HHS, NIH, AHRQ and CDC respond to Aug 2015CFSAC recommendations

[searcher]

I am going to take the risk of jumping in here because I know Jen is out today.

Jen's announcement was from May 2014, which was only a few weeks after we started discussing ideas for the platform. The vision for the platform evolved a lot over the year while we were developing it (and continues to evolve every day.) But since day one we have always had a vision of the site as being a big tent that can help support and amplify all advocacy efforts for ME patients.

#MEAction has never advocated for the IOM criteria. I don't think it has any place in research. I share Jen's view stated earlier in the thread that all research should be doing using at least the CCC or ICC, and have consistently stated that position online and in private conversations.

 

[Nielk]

I am going to take the risk of jumping in here because I know Jen is out today.

Jen's announcement was from May 2014, which was only a few weeks after we started discussing ideas for the platform. The vision for the platform evolved a lot over the year while we were developing it (and continues to evolve every day.) But since day one we have always had a vision of the site as being a big tent that can help support and amplify all advocacy efforts for ME patients.

#MEAction has never advocated for the IOM criteria. I don't think it has any place in research. I share Jen's view stated earlier in the thread that all research should be doing using at least the CCC or ICC, and have consistently stated that position online and in private conversations.

Saying you don't promote the IOM as research criteria doesn't mean anything, since the IOM criteria are clinical criteria - not research criteria.

 

[searcher]

I don't support it clinically either. You had asked about whether our advocacy supports the IOM criteria, and it doesn't. We have used portions of the IOM report strategically for advocacy purposes, but have never supported the criteria. I also do not support the proposed name. At this point I don't see much of anyone supporting the criteria, either clinically or in research.

 

[Roy S]

https://twitter.com/i/web/status/672930543181410304

Folks, is this the best place to do this? Don't make me force a group hug. I'm 6'5", 190#. Nobody wants to see that happen.


Seriously, though, our community really needs a coalition to work out a unified set of goals and work together on the Washington stuff. The AIDS community did.

 

[JenB]

I am going to take the risk of jumping in here because I know Jen is out today.

Jen's announcement was from May 2014, which was only a few weeks after we started discussing ideas for the platform. The vision for the platform evolved a lot over the year while we were developing it (and continues to evolve every day.) But since day one we have always had a vision of the site as being a big tent that can help support and amplify all advocacy efforts for ME patients.

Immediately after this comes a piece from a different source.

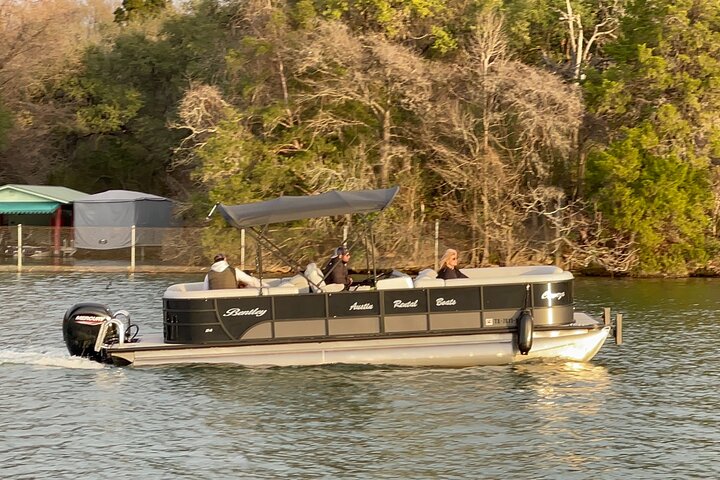 Lake Austin Private Boat - 2 Hour, Cooler, Swim, BYOB, Float Pad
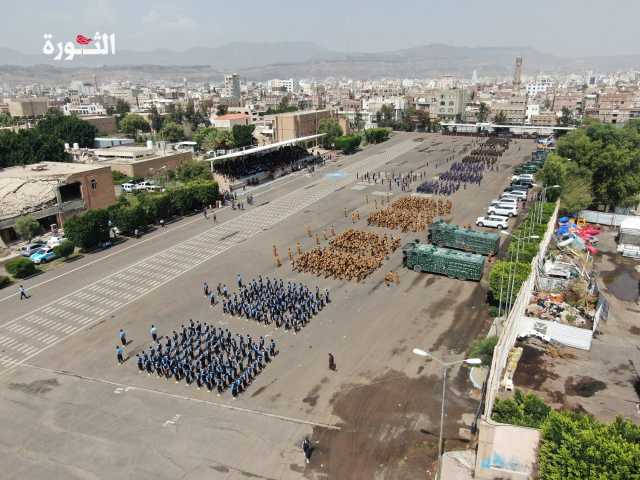 بعرضٍٍٍِ عسكري مهيب.. وزارة الداخلية تدشن العام التدريبي للعام ١٤٤٦ه‍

#MEAction has never advocated for the IOM criteria. I don't think it has any place in research. I share Jen's view stated earlier in the thread that all research should be doing using at least the CCC or ICC, and have consistently stated that position online and in private conversations.

Just to put a finer point on it. It is true that #MEAction has never advocated for the IOM criteria. But #MEAction does not have any formal or enduring position on that or any other criteria. You keep asking "what does #MEAction believe or advocate for?" and I keep trying to explain (I don't know how to make it more clear) that we don't have any formal positions. All Beth and I can do is tell you what our personal opinions are. How "MEAction" comes to have formal policy positions or if it should requires a process that has yet to be defined. In the past, we've done some of that by voting/polling, but even that has been ad-hoc. Our long-run goal is to be able to follow where the community leads but again, we haven't yet had the capacity to devise the right model for doing that.

Part of why Beth founded #MEAction is that we wanted to get past this constant boundary-drawing and litmus testing and take action and have impact on a bigger scale than we, the collective patient community, ever have before. Our position is that the challenges we face are much bigger and more important than what pulls us apart.

 

[JenB]

https://twitter.com/i/web/status/672930543181410304

Folks, is this the best place to do this? Don't make me force a group hug. I'm 6'5", 190#. Nobody wants to see that happen.


Seriously, though, our community really needs a coalition to work out a unified set of goals and work together on the Washington stuff. The AIDS community did.

The AIDS community could fight like cats and dogs, too.

We have something we are not quite willing to call a coalition that's developed here: http://www.meaction.net/2015/12/22/us-orgs-and-advocates-announce-new-working-group/ I don't know what will come of it but the Congress group is already doing some great work. It's incredibly hard working with people you don't agree with either on policy or tactics but I think we are starting to see some positive dividends.